Indian Oil Corp (IOC) has got shareholders' nod to raise its borrowing limit by Rs 30,000 crore to Rs 1,10,000 crore as the nation's largest fuel retailer has grown increasingly reliant on debt to meet even its day-to-day expenses.
IOC said its shareholders have through a postal ballot approved an "increase in the borrowing limit from Rs 80,000 crore to Rs 110,000 crore".
The company loses Rs 158 crore per day on selling diesel, cooking gas (LPG) to households and kerosene at government-controlled rates, which are way below their production cost.

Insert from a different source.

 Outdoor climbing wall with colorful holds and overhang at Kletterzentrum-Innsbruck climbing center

The revenue deficit on these products is met through market borrowings, a company official said. "We have almost exhausted all of the permitted borrowings and so we went to shareholders for raising the limit," the official said.
IOC, which had in 2008 doubled its borrowing limit to Rs 80,000 crore, currently has gross debt of over Rs 78,000 crore.

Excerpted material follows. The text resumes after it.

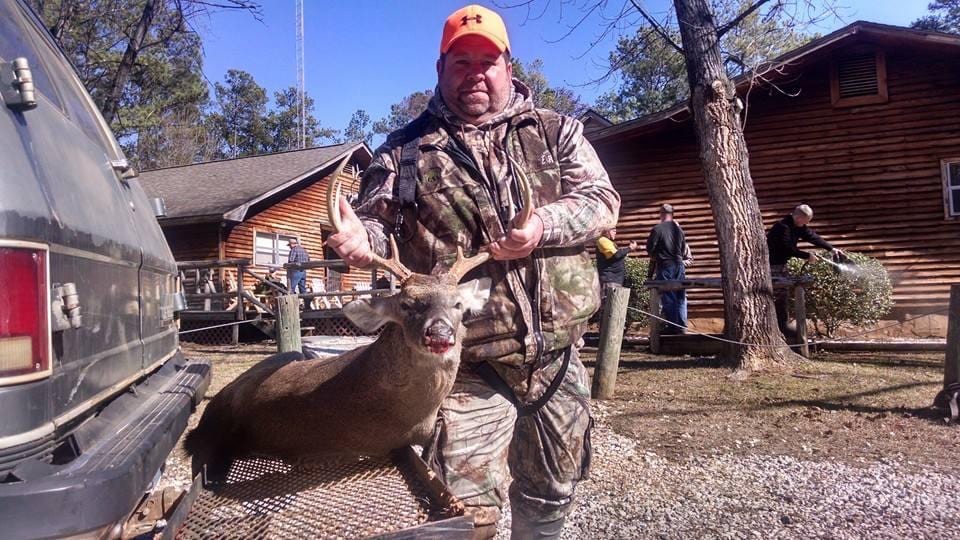 A hunter in camouflage poses with a harvested whitetail deer in front of a lodge.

With continued losses, the company feared borrowings may cross the approved level of Rs 80,000 crore by December. The company, in which the government owns a 78.9% stake, had last month initiated a process to raise its borrowing limit through a postal ballot.

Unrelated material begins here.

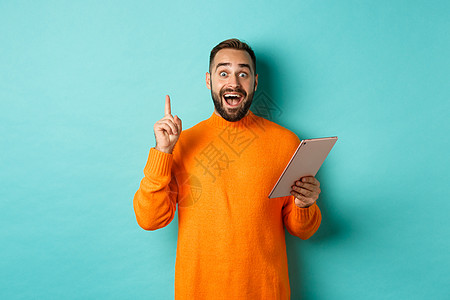 兴奋的成年男子使用数字平板电脑 并有一个想法 举起手指乌瑞卡标志 站在浅蓝色背景上药片促销胡子广告男人横幅胡须工作室橙子黑发图片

The company currently loses Rs 7.06 on sales of every litre of diesel, Rs 25.90 per litre on PDS kerosene and Rs 270.50 per 14.2-kg domestic LPG cylinder.
"At the current rate, IOC will end the fiscal with a revenue loss of Rs 64,010 crore," the official said, adding that in the second quarter ended September 30, it lost about Rs 8,000 crore on selling the three fuels below cost.
The company loses 10-15 paisa per litre on the sale of petrol, a commodity which was decontrolled in June last year.
While freeing petrol pricing from its control, the government had stated that diesel would also migrate to a free price regime shortly. But diesel rates have not been freed till now.